EXERCISE — From the line containing "SOLbaby Kaszel (Tussi) syrop 100 ml" to the line containing "Blk Ptrn Suit" in the records below, set down every line exactly as it stands, both ends included, and skip the pictures.

RECORDS —

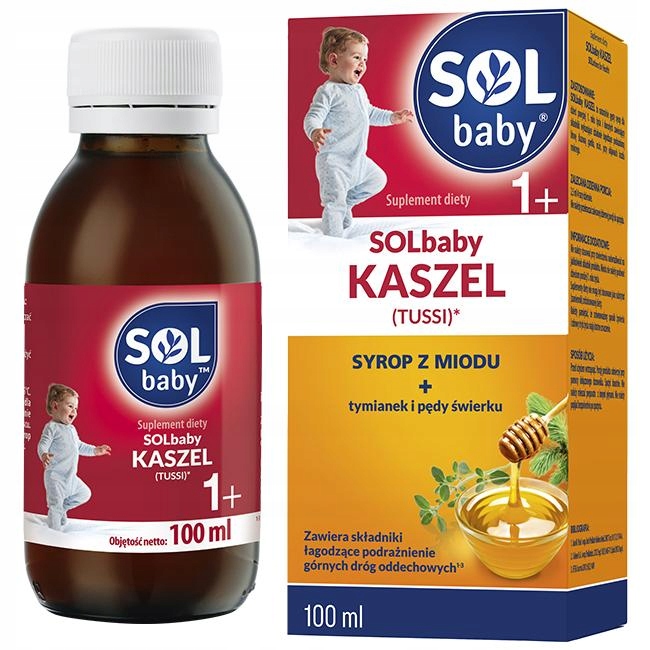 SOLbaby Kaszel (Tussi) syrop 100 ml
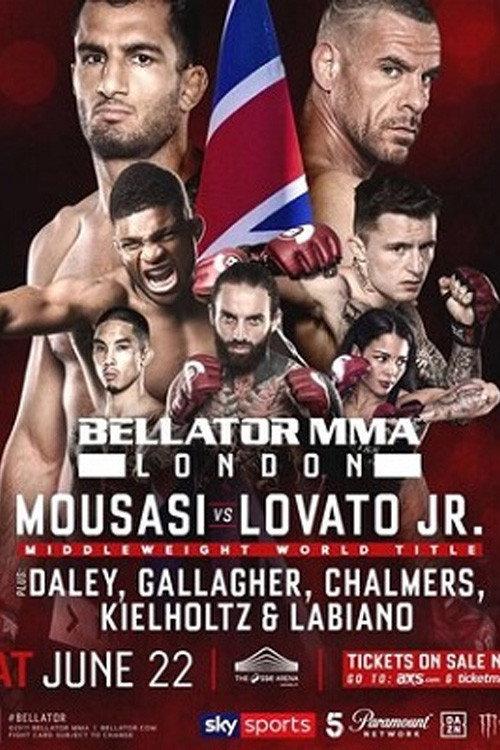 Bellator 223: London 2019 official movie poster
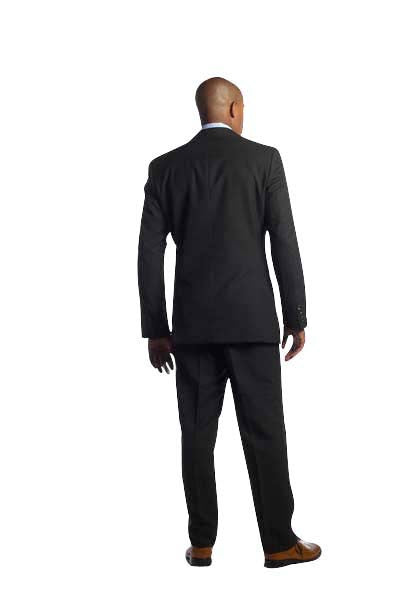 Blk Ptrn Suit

---

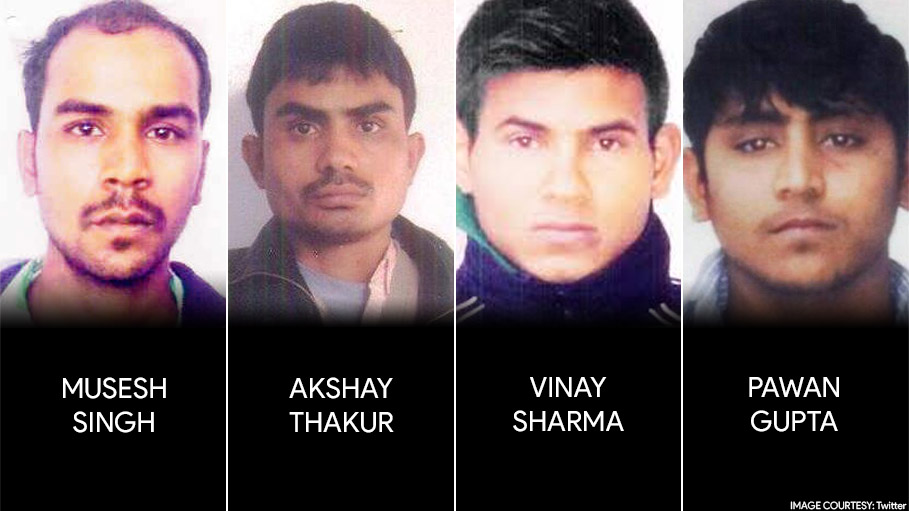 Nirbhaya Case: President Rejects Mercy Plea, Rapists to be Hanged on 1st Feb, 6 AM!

==

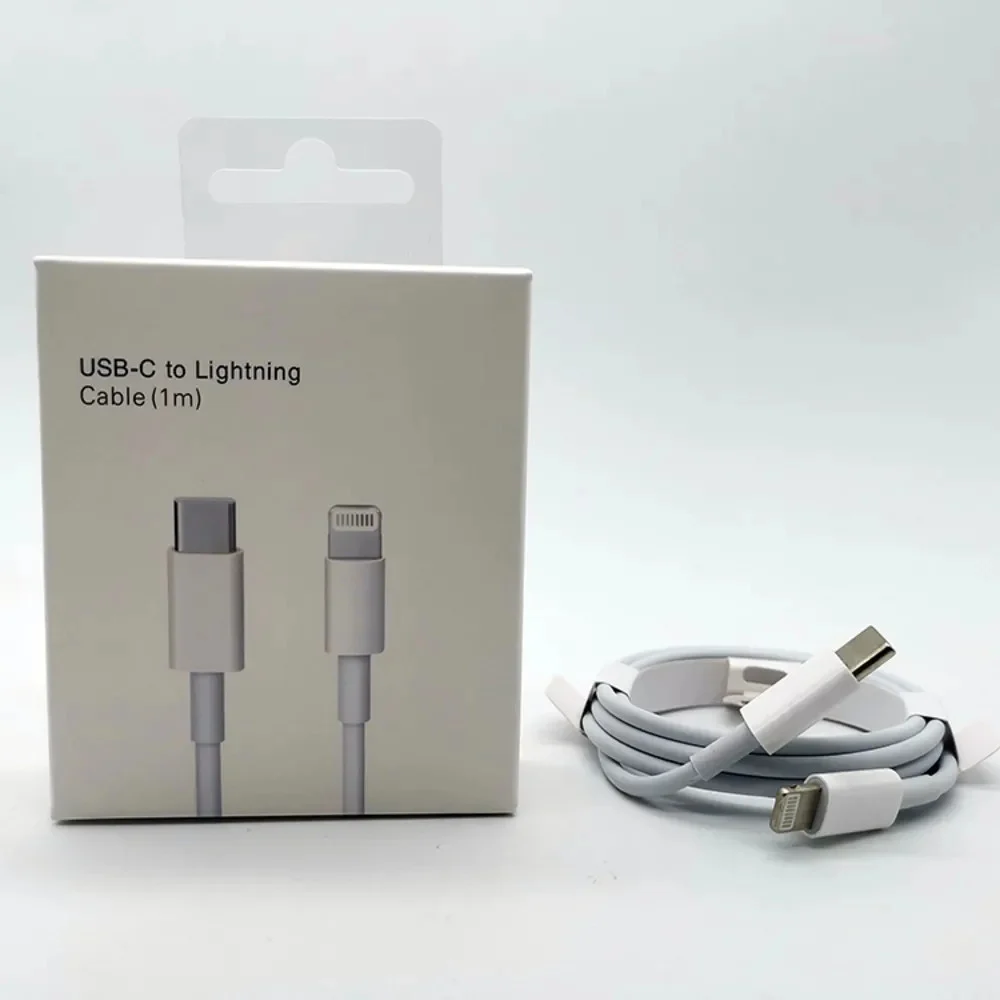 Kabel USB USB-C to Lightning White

OUTPUT OF THE TASK —
 SOLbaby Kaszel (Tussi) syrop 100 ml
 Bellator 223: London 2019 official movie poster
 Blk Ptrn Suit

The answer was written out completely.